How to represent part-whole hierarchies in neural network

An overview of the paper “How to represent part-whole hierarchies in neural network”. The authors propose a single idea about representation which allows advances made by several different groups to be combined into an imaginary system called GLOM. All images and tables in this post are from their paper.

The idea is to combine three recent advances in neural networks which has not yet been implemented. But these three ideas seem to fit together very naturally.

  • The first idea is Transformers which has been used for moedling natural language.
  • The second idea is Unsupervised Learning of Visual representations via mutual agreement.
  • The third idea is Generative models of images that use implicit functions.

The idea behind GLOM is to create a system that is much more like human perception than current deep nets.

The psychological reality of the part-whole hierarchy and coordinate frames

In this section, the author attempts to convince us that when people perceive objects, they use coordinate frames (rectangual coordinate frames) and they pass objects into part whole hierarchies.

The cube demonstration (Hinton 1979)

  • Imagine a wire-frame cube resting on a table top
  • Imagine the body diagonal that goes from the front bottom right corner, through the center of the cube to the top back left corner.
  • Keeping the front bottom right corner on the table top, move the top back left corner until it is vertically above the front bottom right corner.
  • Hold one finger-tip above the table to mark the top corner.
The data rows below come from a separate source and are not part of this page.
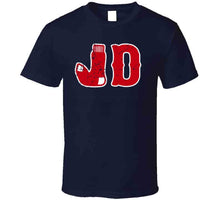 Load image into Gallery viewer, JD Martinez JD Socks Boston Baseball Fan Distressed T Shirt - image_c8e3db0d-65dd-4775-8ca2-6ea723144ce2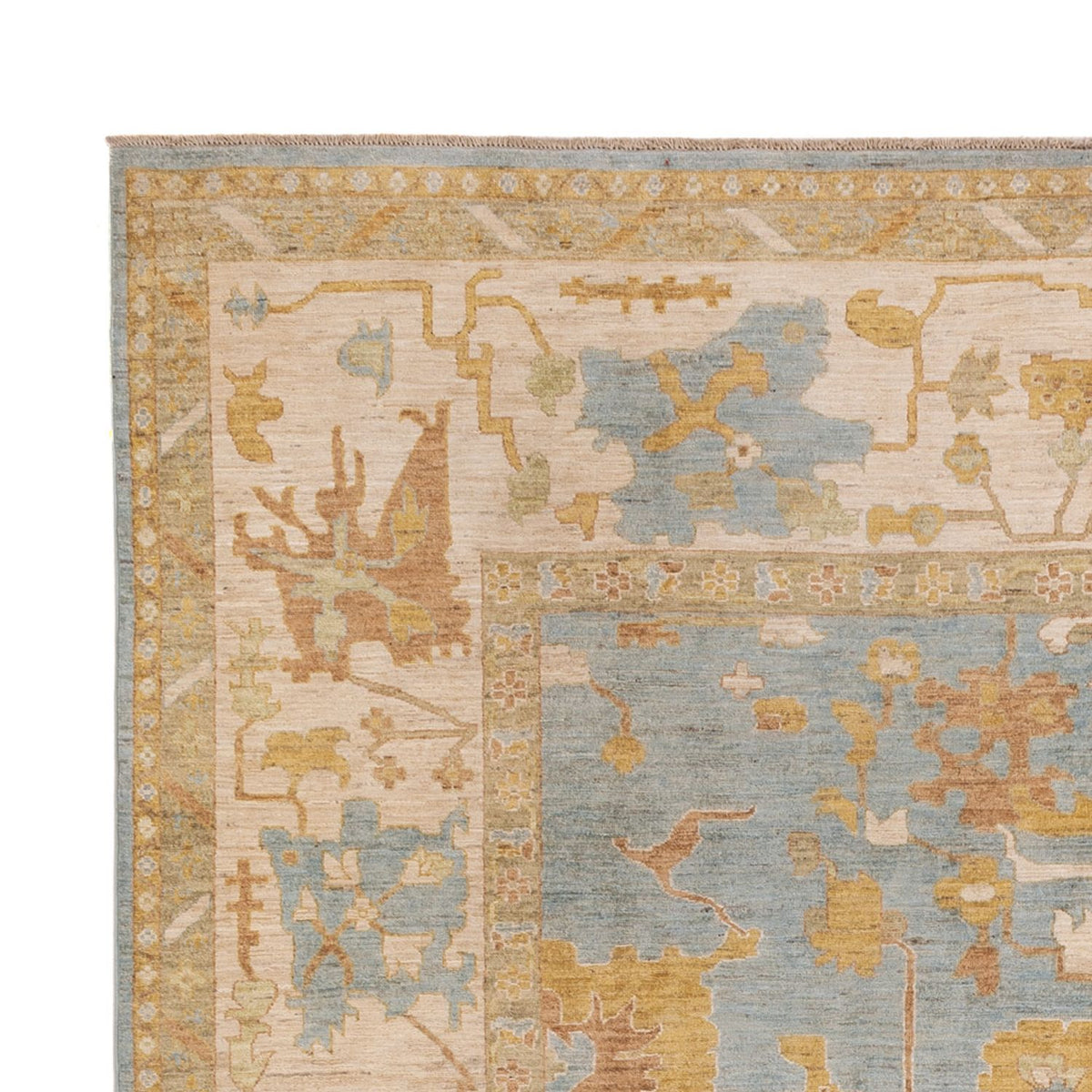 Ziegler Tapijt - Usak - 306 x 245 cm - turkoois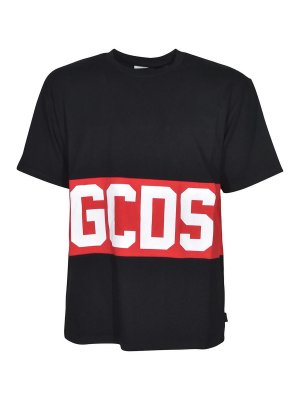 GCDS: t-shirts - T-Shirts And Polos Black
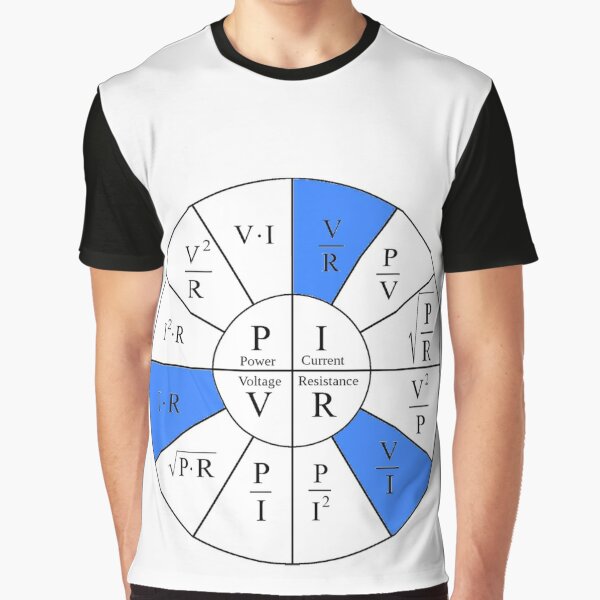Ohm, Electric Current, Electricity, Electrical Resistance, Conductance, Electrician, Ampere, Electrical Network Graphic T-Shirt
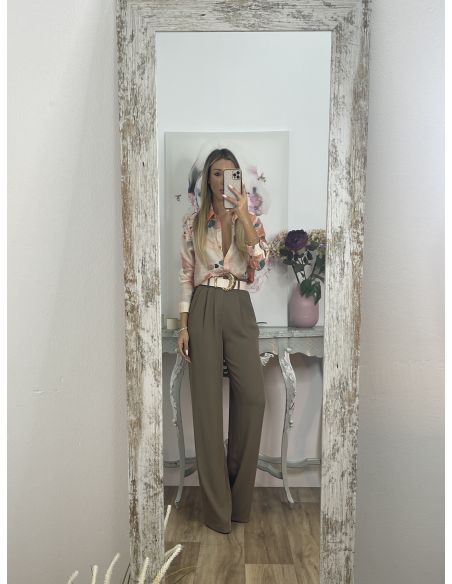 Pantalón Corina Topo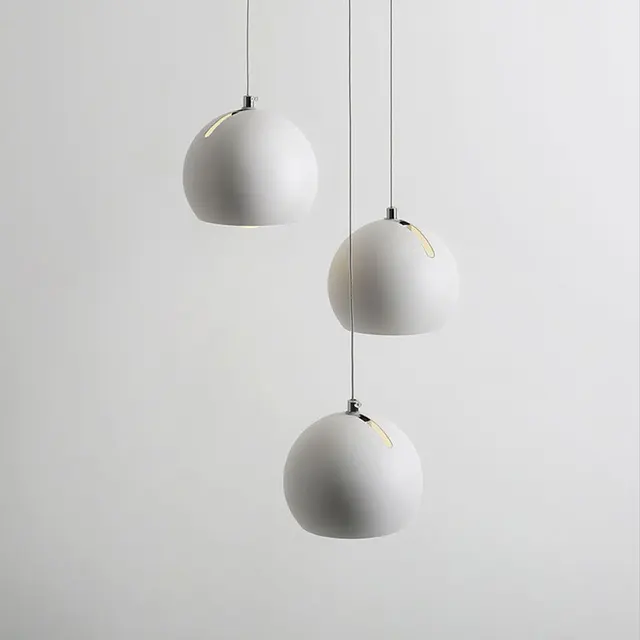 Petit lustre en frêne de style nordique moderne, lampe de salle à manger réglable, créatif et simple, design de chambre à coucher et de bar 1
With the other hand, point out the other corners of the cube.

The idea here is that most people only point out 4 other corners. If we use an unfamilar coordinate frame, we might have this issue with visualization. Most people preserve the idea of cube, and point out the four corners on the same level (preserving symmetry structure). The author uses this example to show that our mind inherently uses the coordinate frame, and upon shifting to a new unfamilar frame, we tend to forget where the objects are.

The very same arrangements of rods can be represented in quite different ways. The alternative percepts do not disagree, but they make different facts obvious. The take from this experiment is that whenever you form a mental image, you associate view-point information with the nodes in the structural description.
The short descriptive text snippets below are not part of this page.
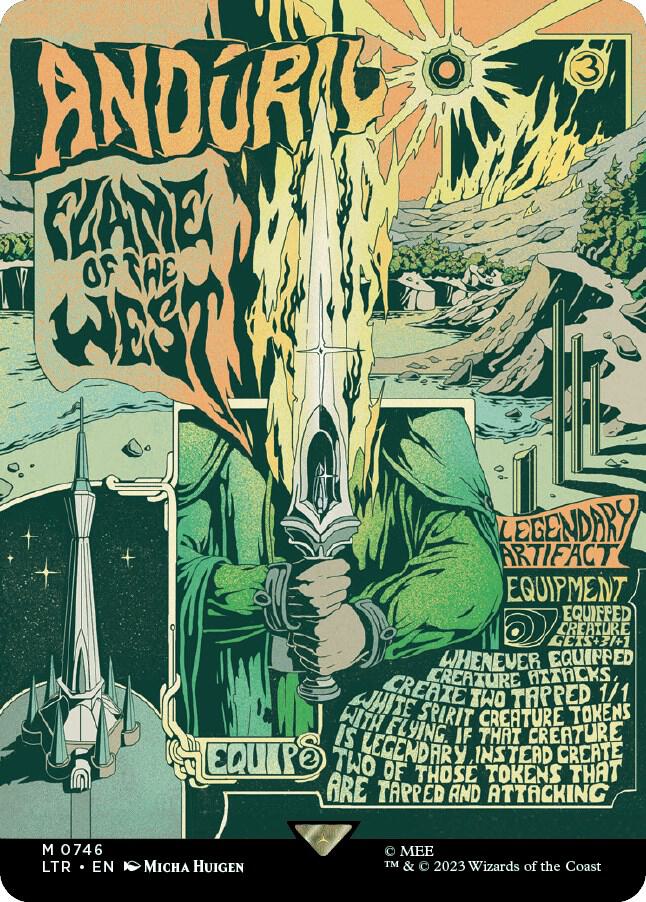 Andúril, Flame of the West 746 (Universes Beyond: The Lord of the Rings: Tales of Middle-earth)  - Borderless Poster | Good Games Adelaide SA
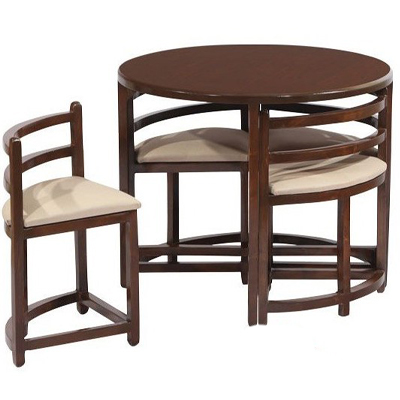 میز ناهارخوری 4 نفره گرد کمجا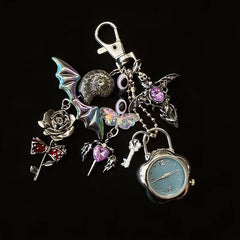 Original Hollow Heart Pocket Watch Chain Keychain Design Steampunk Clock Vintage Necklace Pendant Jewelry Watch Men Women Gift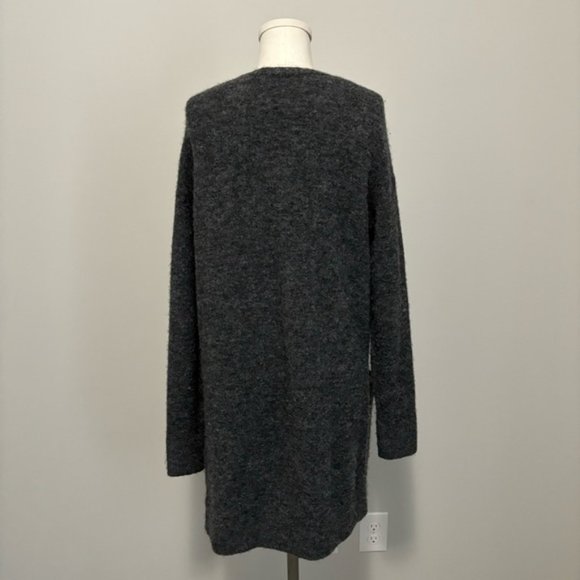 Aritzia Wilfred Free Aronson Open Front Wool Blend Cardigan Sweater Dark Gray XS - Picture 12 of 16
Why is it hard to make real neural networks learn part-whole hierarchies

  • Each image could have different parse trees.
  • Reak neural networks cannot dynamically allocate neurons to represent nodes in a parse tree. What a neuron does is determined by the weights on its connections and the weights change slowly.

Hence, it becomes difficult to use static neural networks to represent dynamic parse trees. ConvNets are very different from us. They use fine grained information and do not use any spatial information to make their decision, unlike us.
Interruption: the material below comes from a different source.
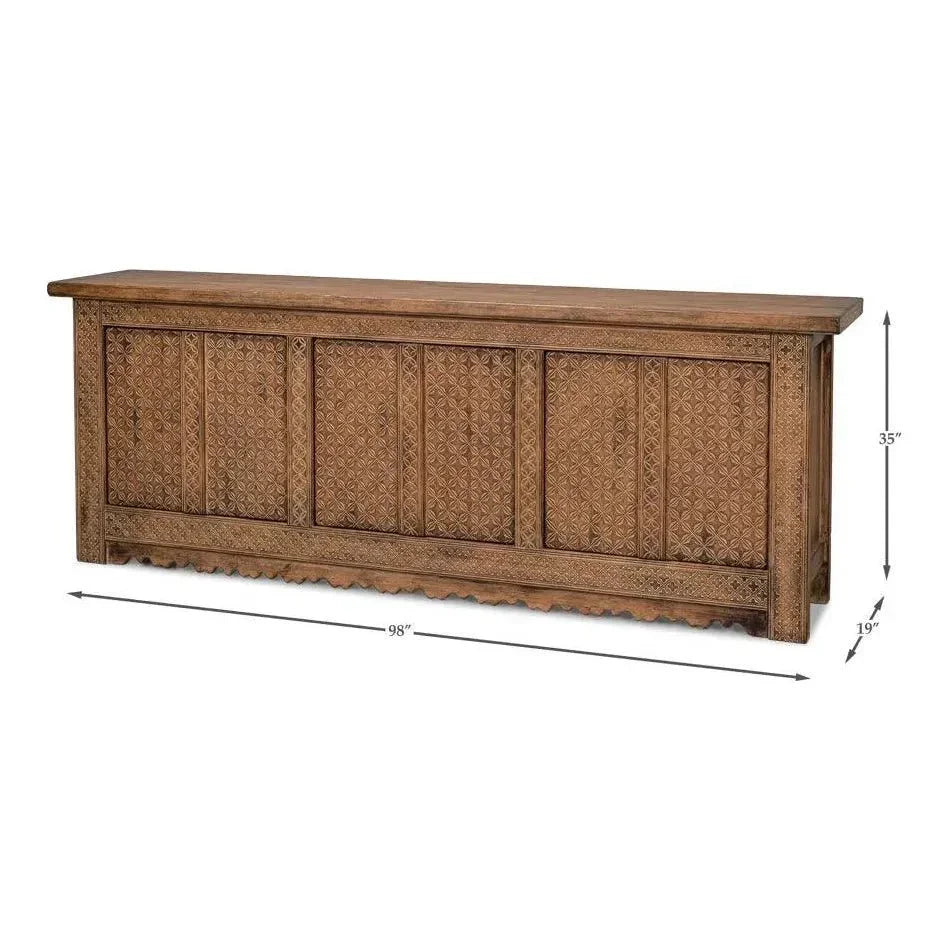 Nader Persian Burnt Brown Sideboard - LOOMLAN - Sarreid - Sideboards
A brief introduction to transformers

Most standard neural networks, in order to activate a neuron, they take a scalar product of a vector of activity of the layer below, and a vector of weights of the neuron. Basically, we multiply activity with a weight. This is not very good at capturing covariance structure in an image. There is a different way of activating neurons, where we multiply activity with another activity. This gives us quite different properties. And this is what transformers do. In a transformer, it creates three vectors - a query, key and value. The query it has created is matched (scalar product) with other nearby words (in case of NLP product). Now, value of those high vectors contributes to the meaning of the given word, while being directly proportional to .

A brief introduction to contrastive learning of visual representations

Contrastive self-supervised learning uses the similarity between activity vectors produced from different patches of the same image as the objective. The author then introduces us to SimCLR which I have already covered previously. In brief, the idea is to take an image and create two different views of the same image. The idea is that the model should minimize the differences between embeddings of patches from the same image. and also maximize the differences between similar embeddings of patches from different images. The idea is that after unsupervised learning, we take the layer before the learned embeddings, and fit a linear classifier (i.e. a softmax).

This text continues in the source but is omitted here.